Microsoft just fired a major shot across the bow of Amazon and Google in the hyperscaler chip wars. The company unveiled Maia 200, its second-generation AI accelerator built on TSMC's 3nm process, claiming three times the FP4 performance of Amazon's Trainium 3 and superior FP8 performance over Google's TPU v7. Even more striking: Maia 200 delivers 30% better performance per dollar than Microsoft's current fleet, according to Scott Guthrie, EVP of Cloud + AI, in what marks the most aggressive custom silicon push from Redmond yet.
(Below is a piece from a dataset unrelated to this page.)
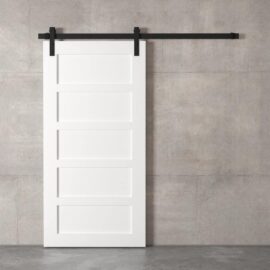 A 5-Panel Barn Door, featuring five rectangular sections in white, is mounted on a black sliding barn door track against a plain, gray concrete wall.
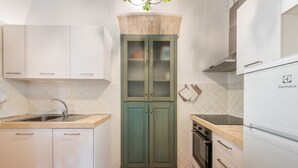 Eine kleine Küche mit weißen Schränken, einem grünen Schrank mit Glastüren, einer Spüle, einem Backofen und einer Arbeitsplatte.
Microsoft isn't playing catch-up anymore in custom AI silicon. The Maia 200 launch represents the company's most aggressive move yet to reduce its dependence on Nvidia while undercutting cloud rivals on both raw performance and economics. The chip went from first silicon to datacenter deployment in half the time of comparable programs, a velocity that suggests Microsoft's betting big on custom hardware as a competitive moat.
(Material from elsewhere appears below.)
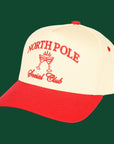 A cream and red trucker hat with embroidered text that reads, "North Pole Social Club". 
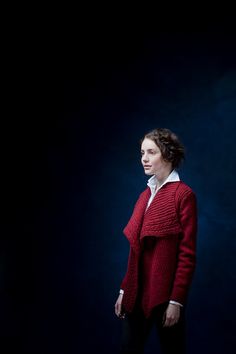 a woman in a red sweater and black pants poses for a photo against a dark background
The specs tell the story of a chip purpose-built for one thing: inference at scale. Each Maia 200 packs over 140 billion transistors fabricated on TSMC's bleeding-edge 3-nanometer process. It delivers over 10 petaFLOPS in 4-bit precision and over 5 petaFLOPS in 8-bit precision, all within a 750-watt thermal envelope. But Microsoft's real innovation shows up in the memory subsystem, a redesigned architecture centered on 216GB of HBM3e memory running at 7 TB/s bandwidth, plus 272MB of on-chip SRAM and specialized data movement engines that keep models fed without bottlenecks.
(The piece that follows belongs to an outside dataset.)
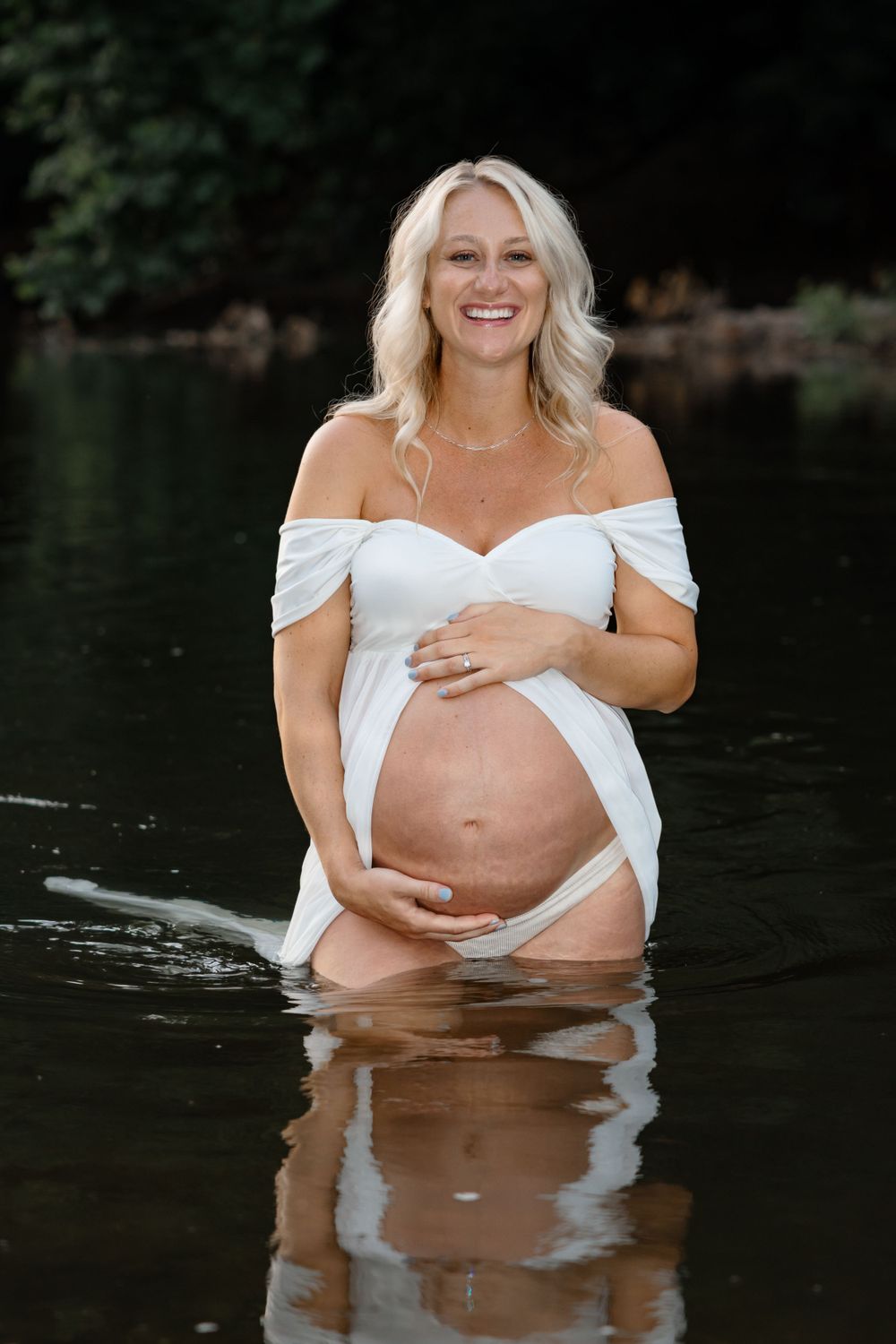Maternity water portrait shows woman in white dress standing in reflective water.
"FLOPS aren't the only ingredient for faster AI," Guthrie wrote in today's announcement. "Feeding data is equally important." That's a direct shot at competitors who've prioritized raw compute while letting memory bandwidth become the limiting factor. Microsoft's claiming Maia 200's memory architecture increases token throughput in ways that matter more than peak FLOPS numbers suggest.